Mr. Trudeau said last weekend he remembered the festival, but did not think anything “negative” happened that day. Speaking to reporters in Toronto on Thursday, Mr. Trudeau said he had reflected on the incident further and understands that the woman involved might have a different view of what happened.
He did acknowledge that he apologized at the time, with the editorial quoting him as saying he was sorry for being “so forward.”
“I’m responsible for my side of the interaction, which certainly, as I said, I don’t feel was in any way untoward,” Mr. Trudeau said at the news conference.

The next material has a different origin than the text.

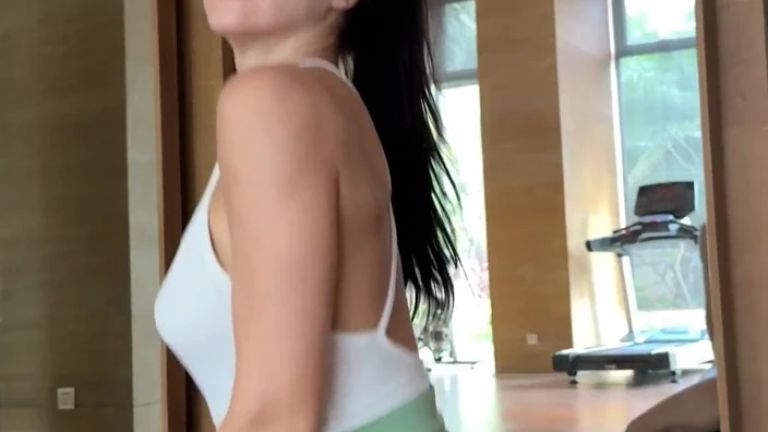 Jumping on a Ball in Mini Shorts, Sexy Butt Tease, Ass Shaking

“But at the same time, this lesson that we are learning – and I’ll be blunt about it – often a man experiences an interaction as being benign or not inappropriate, and a woman, particularly in a professional context, can experience it differently.”
The Prime Minister has made feminism an important piece of his political brand since coming to office almost three years ago. He named an equal number of men and women to his first cabinet, and he extols the benefits of female leadership when he speaks at international summits.
He has also taken a hard line when members of the Liberal caucus have been accused of sexual misconduct. In 2014, he removed two members of Parliament, Massimo Pacetti and Scott Andrews, from the Liberal caucus after other MPs alleged the two men had sexually harassed them. Earlier this year, Calgary MP Kent Hehr resigned from cabinet after allegations of sexual harassment were made against him. Mr. Hehr remains a member of the Liberal caucus.
Opposition politicians say Mr. Trudeau has not treated the allegations against himself as seriously as those levelled against other people.
“[The reporter] doesn’t have to come forward if she doesn’t want to. The account however, is in the public record, and the Prime Minister isn’t abiding by his own framework set for these situations,” Conservative MP Michelle Rempel said in a Twitter post.
The Prime Minister said Thursday the discussion around this incident was part of the broader lessons that can be learned from the #MeToo movement, which has sought to bring to light incidents of sexual harassment that have been hidden for years.
“But part of this awakening that we are having as a society – a long-awaited realization – is that it’s not just one side of the story that matters,” Mr. Trudeau said.
Mr. Trudeau did not elaborate on what happened. He dismissed a call for an independent investigation into the incident.
Mr. Trudeau said neither he nor his staff have reached out to the woman, and he did not think it would be appropriate to do so.
The Globe and Mail has corresponded with the woman, who said she does not want to be identified, does not want to be contacted by media and does not want to comment on the allegations made 18 years ago.